Drone-Based Visible–Thermal Object Detection with Transformers and Prompt Tuning

Round 1

Reviewer 1 Report

Comments and Suggestions for Authors

The comments are attached in PDF.

Comments for author File: Comments.pdf

Comments on the Quality of English Language

Moderate Editing, Passive Voice is recommended.

Author Response

We kindly refer the esteemed reviewer to the attached document, where our comprehensive responses to the insightful comments and suggestions are meticulously detailed. We trust that this will provide a clear and thorough account of our considerations and revisions made in accordance with your valuable feedback.

Author Response File: Author Response.pdf

Reviewer 2 Report

Comments and Suggestions for Authors

The article is dedicated to solving a computer vision problem. The topic is relevant. However, the structure of the article does not conform to the standard format for research articles in MDPI (Introduction (including a review of related work), Models and Methods, Results, Discussion, Conclusions). The level of English is acceptable, and the article is easy to read. The figures in the article are of acceptable quality. The article cites 31 sources, some of which are outdated.

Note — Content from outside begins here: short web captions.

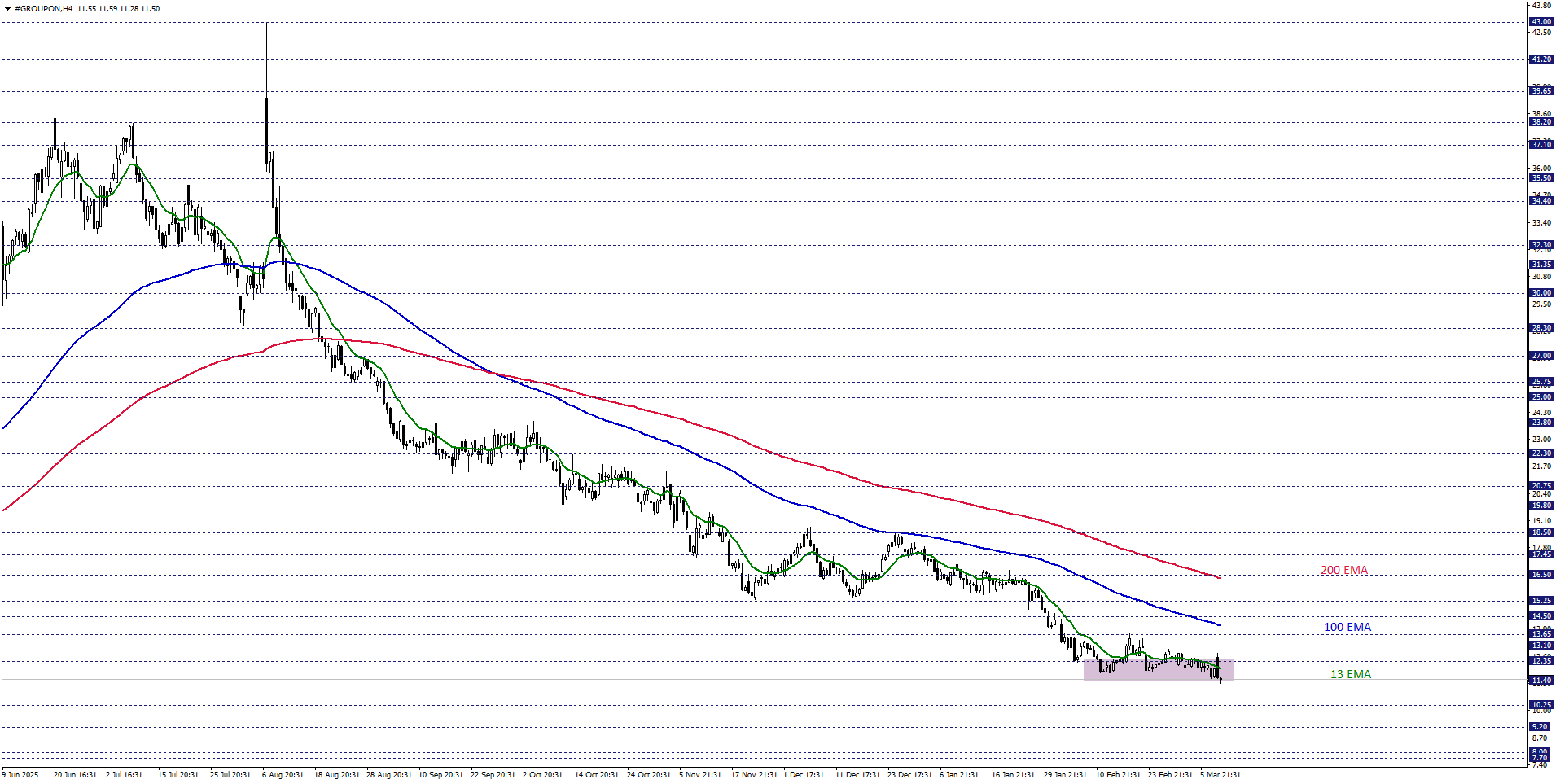 GROUPON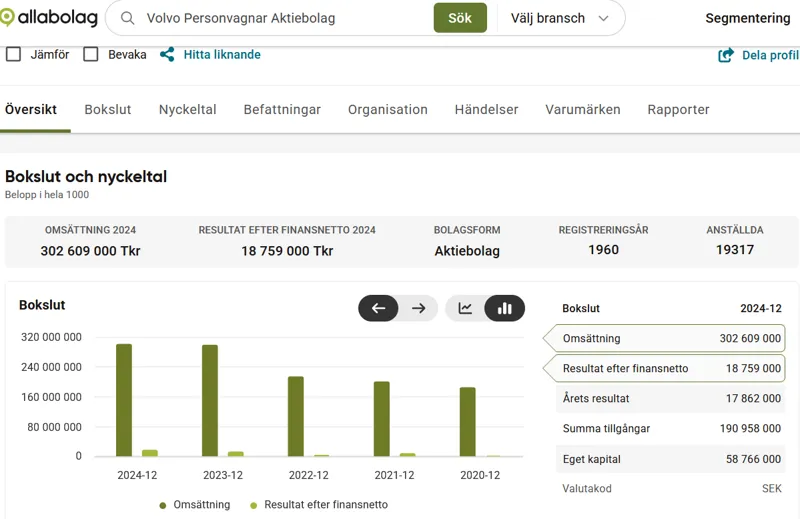 Omsättning i olika branscher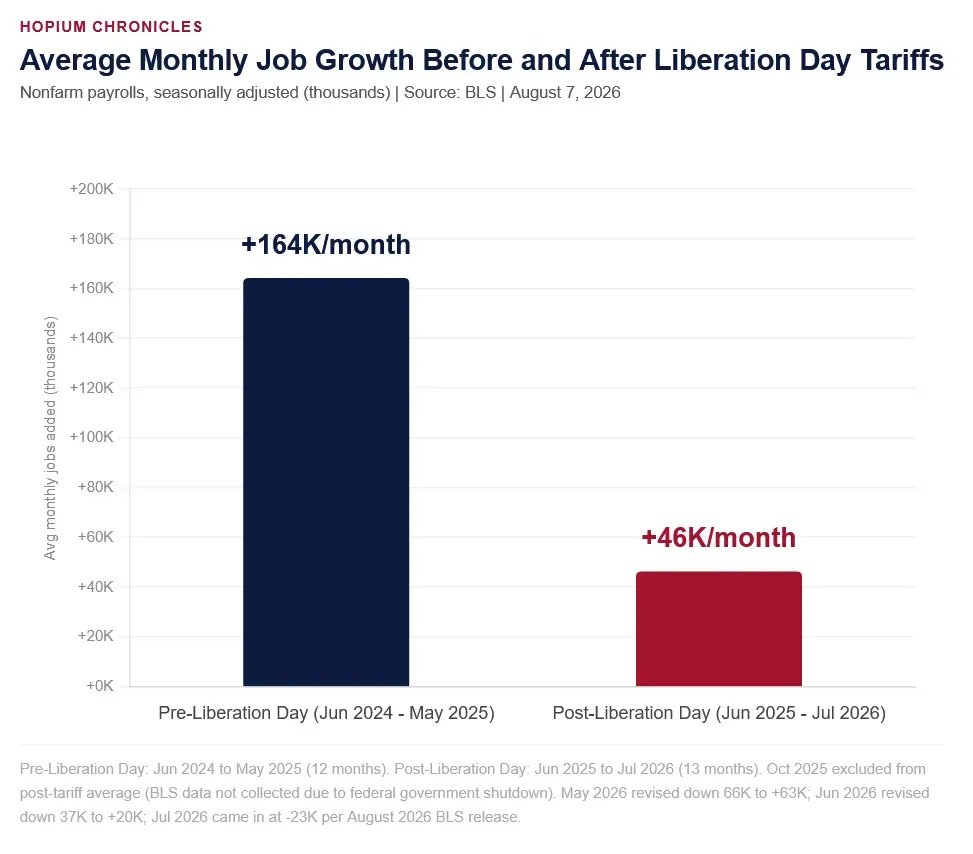 SimonWDC's tweet photo. Some charts on what an incredible failure Trump's economic policies have been.    

Tariffs, war, mass deportation, the big ugly bill have resulted in much slower job growth.  1/ https://t.co/LtrW5XVqod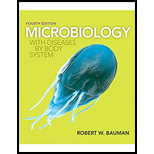 Microbiology with Diseases by Body System - With Access (Custom)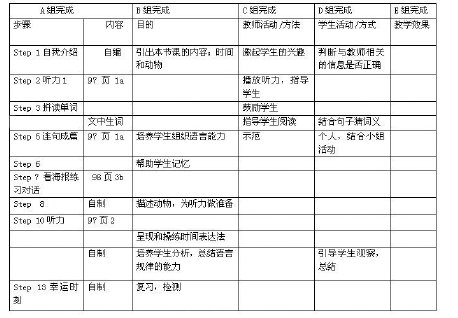 Ӣ�Z �n���(d��ng)��Ч��Ҋ��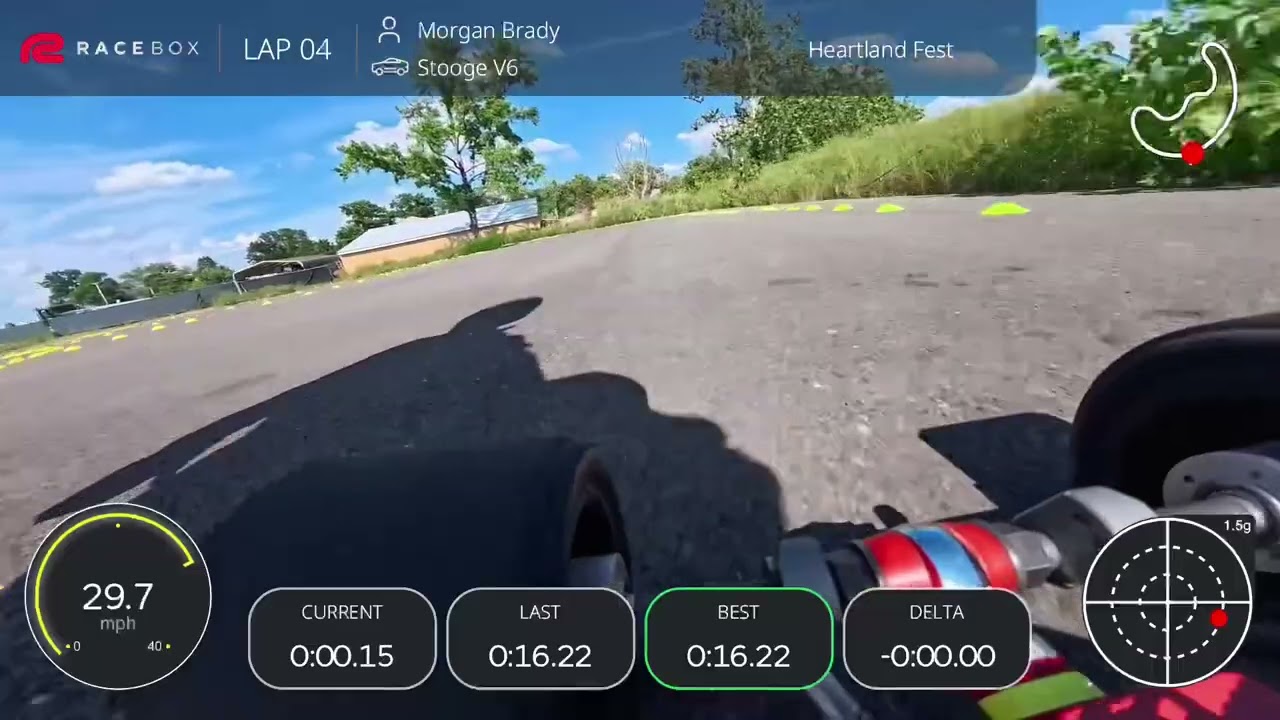 Heartland PEV Fest Time Trial Finals - Electric Skateboard Racing on the Stooge Race Boards V6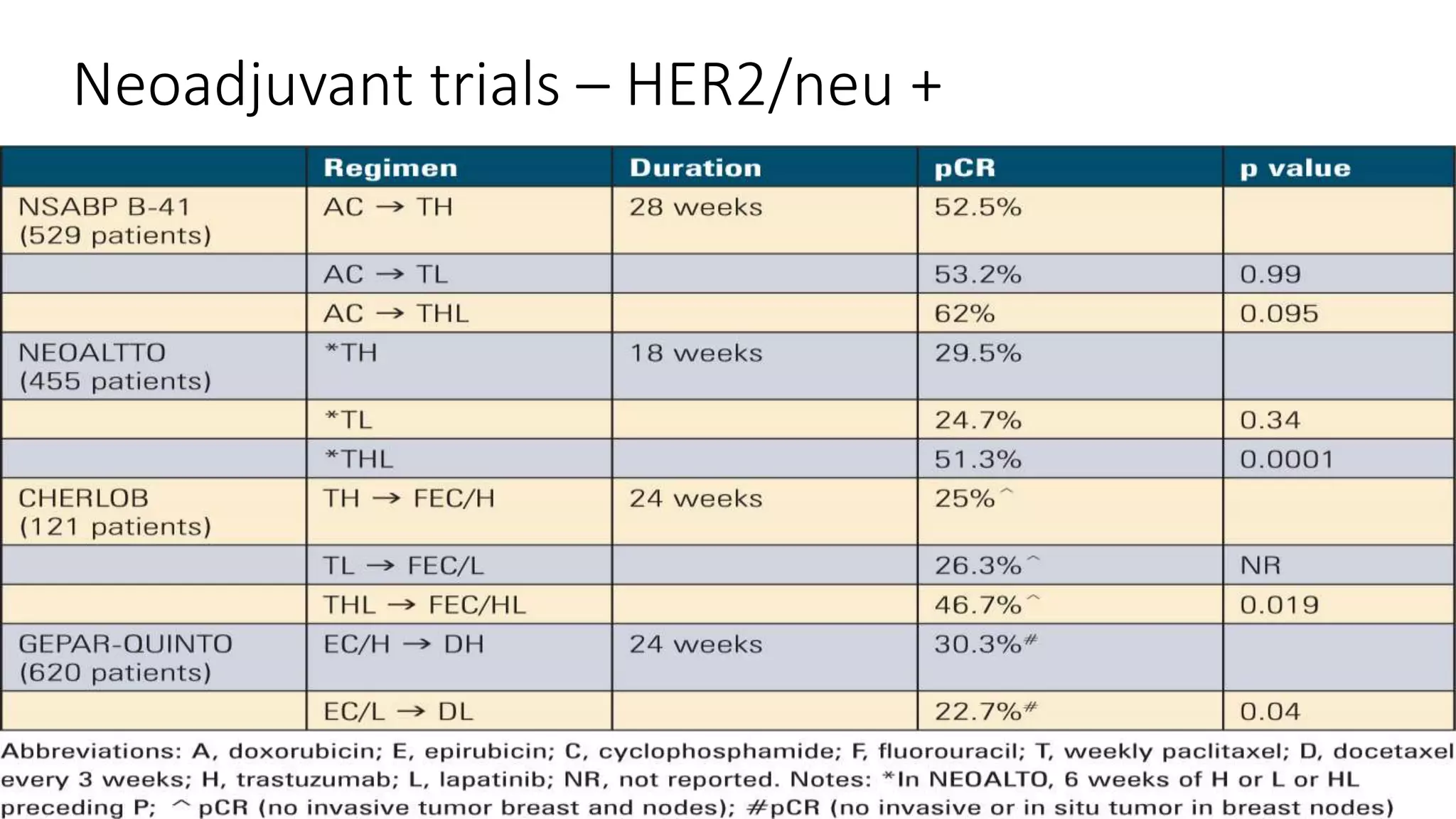 Anti-HER2 Therapies in Breast Cancer | PPTX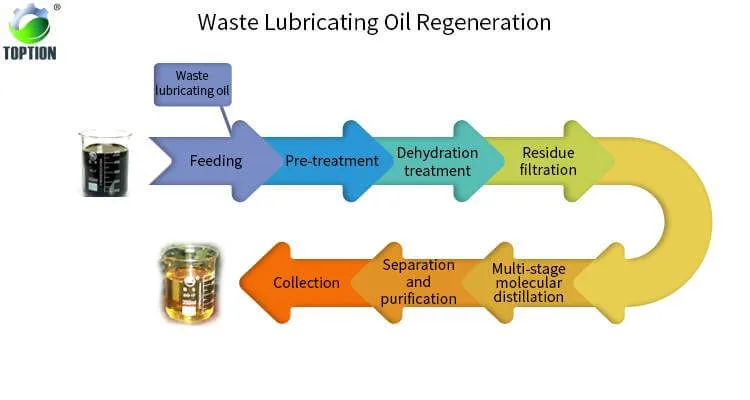 used motor oil recycling decision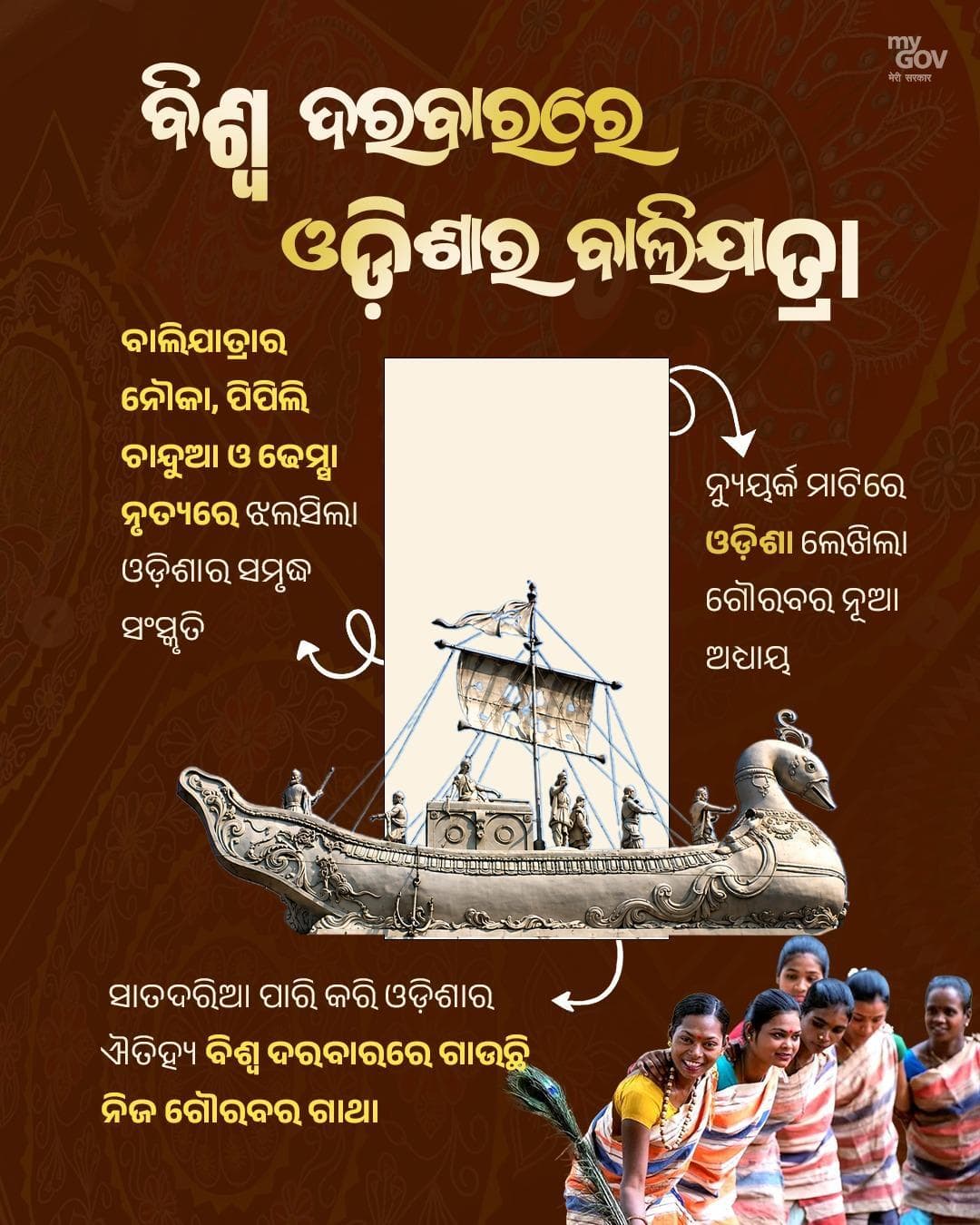 ନ୍ୟୁୟର୍କର ଇଣ୍ଡିଆ ଡେ ପ୍ୟାରେଡ୍ରେ ବାଲିଯାତ୍ରା ଥିମ୍ର ଟାବ୍ଲୋ ମାଧ୍ୟମରେ ଓଡ଼ିଶାର ପ୍ରାଚୀନ ସାମୁଦ୍ରିକ ପରମ୍ପରା ଜୀବନ୍ତ ହୋଇଉଠିଥିଲା...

The following remarks and recommendations can be made about the article's content:
1. The authors have chosen to complicate the task of object detection in images by focusing on infrared versions. This approach brings several issues. I will mention only the most critical ones: Objects in infrared images often have low contrast compared to the background, making them difficult to detect. Infrared cameras can capture thermal noise from various sources, such as ambient temperature, which may interfere with accurate object detection. Objects with different thermal characteristics can appear differently in infrared images, complicating their classification and identification. Weather conditions, such as fog, rain, or dust, can significantly degrade the quality of infrared images, making object detection difficult. The low resolution of infrared cameras can limit the ability to distinguish fine details of objects, leading to detection errors. All these issues should be addressed before applying image detection methods. I did not see this in the article.

2. Additionally, the computer vision problem tackled by the authors is already complicated. The reason is that they work with images obtained using drones. This brings in specific negative factors and leads to various effects, which I will mention next. Drones can capture objects from different heights and angles, resulting in significant variations in the images and making object recognition difficult. Due to the flight height and speed of drones, the quality and resolution of images may be limited, complicating the identification of small objects. Drone images can contain densely populated or complex scenes with many objects close to each other, making individual object detection difficult. Drones and objects on the ground can be in motion, which may lead to image blurring and, consequently, reduce detection accuracy. I did not see how the authors account for these circumstances in their model.

3. Considering the specific challenges of the problem addressed by the authors, I believe it would be more appropriate to form an ensemble of various neural network architectures, each aimed at solving a corresponding issue. Then, a rational rule for combining classification results should be formulated. This approach would provide scientific novelty, which seems lacking in the current version of the article.

Author Response

We kindly refer the esteemed reviewer to the attached document, where our comprehensive responses to the insightful comments and suggestions are meticulously detailed. We trust that this will provide a clear and thorough account of our considerations and revisions made in accordance with your valuable feedback.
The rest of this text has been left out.